Could the lines from the top of the material to the line that contains "Hey guys, in" be retyped exactly, both included and pictures omitted?

§ Input:
——————————
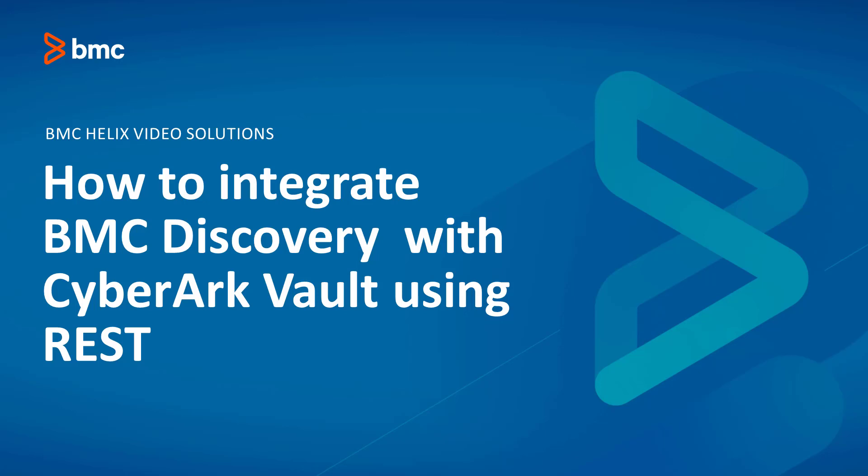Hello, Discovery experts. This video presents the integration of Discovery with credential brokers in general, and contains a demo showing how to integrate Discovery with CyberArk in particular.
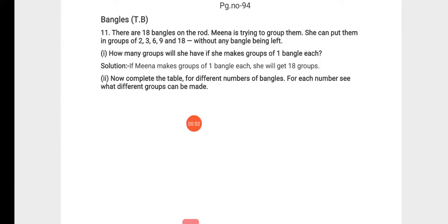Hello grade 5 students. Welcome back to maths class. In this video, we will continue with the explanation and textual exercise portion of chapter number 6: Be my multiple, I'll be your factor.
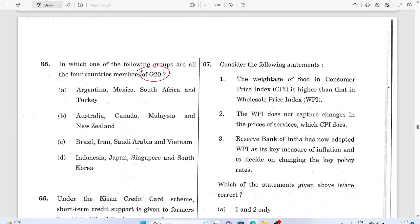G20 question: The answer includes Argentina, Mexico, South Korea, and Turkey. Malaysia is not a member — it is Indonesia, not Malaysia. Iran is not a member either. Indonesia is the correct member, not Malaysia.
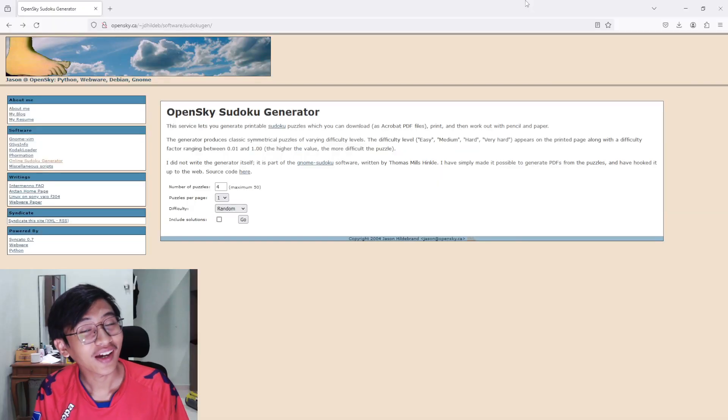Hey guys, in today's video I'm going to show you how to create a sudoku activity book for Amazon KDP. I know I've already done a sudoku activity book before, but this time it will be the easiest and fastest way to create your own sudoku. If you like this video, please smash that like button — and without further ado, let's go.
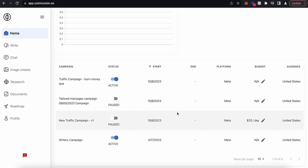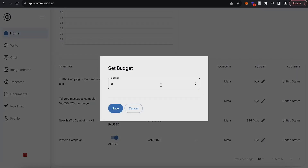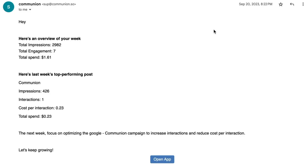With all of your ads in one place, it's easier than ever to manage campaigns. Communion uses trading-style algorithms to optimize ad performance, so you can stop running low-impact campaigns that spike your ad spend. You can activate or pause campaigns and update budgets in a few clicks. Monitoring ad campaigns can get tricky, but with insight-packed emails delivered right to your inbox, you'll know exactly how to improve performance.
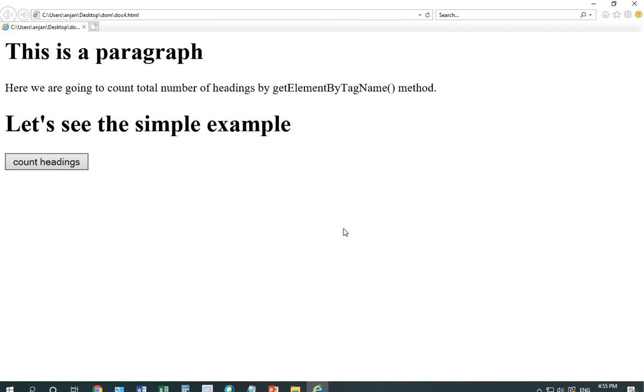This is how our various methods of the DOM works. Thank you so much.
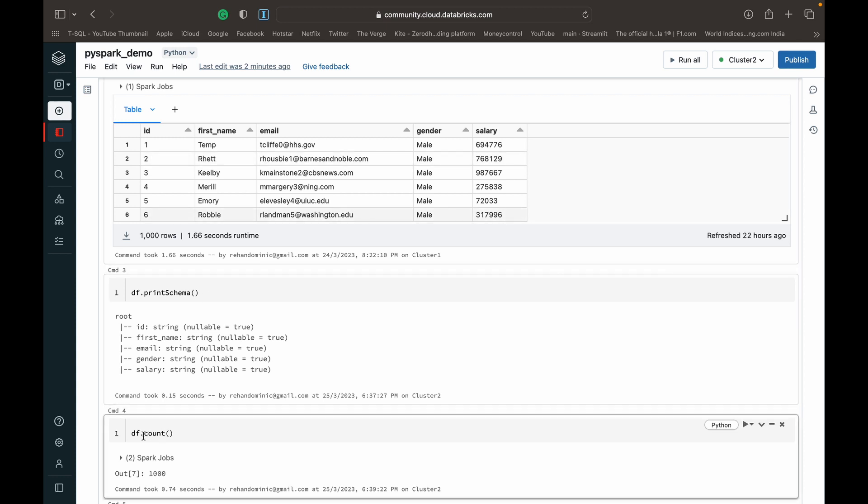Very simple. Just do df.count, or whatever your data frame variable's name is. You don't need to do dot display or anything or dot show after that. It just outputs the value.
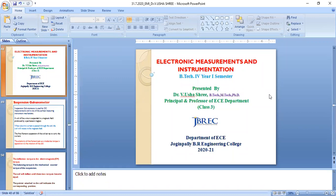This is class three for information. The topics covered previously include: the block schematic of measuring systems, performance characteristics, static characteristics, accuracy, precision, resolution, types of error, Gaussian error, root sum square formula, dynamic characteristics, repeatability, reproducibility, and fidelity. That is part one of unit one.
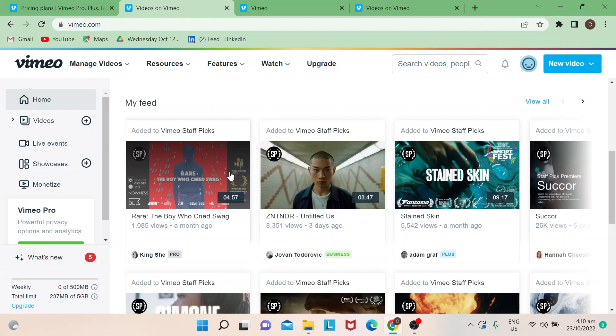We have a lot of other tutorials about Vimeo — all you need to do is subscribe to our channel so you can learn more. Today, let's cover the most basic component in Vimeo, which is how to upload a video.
——————————
§ The completed task:
Hello, Discovery experts. This video presents the integration of Discovery with credential brokers in general, and contains a demo showing how to integrate Discovery with CyberArk in particular.
Hello grade 5 students. Welcome back to maths class. In this video, we will continue with the explanation and textual exercise portion of chapter number 6: Be my multiple, I'll be your factor.
G20 question: The answer includes Argentina, Mexico, South Korea, and Turkey. Malaysia is not a member — it is Indonesia, not Malaysia. Iran is not a member either. Indonesia is the correct member, not Malaysia.
Hey guys, in today's video I'm going to show you how to create a sudoku activity book for Amazon KDP. I know I've already done a sudoku activity book before, but this time it will be the easiest and fastest way to create your own sudoku. If you like this video, please smash that like button — and without further ado, let's go.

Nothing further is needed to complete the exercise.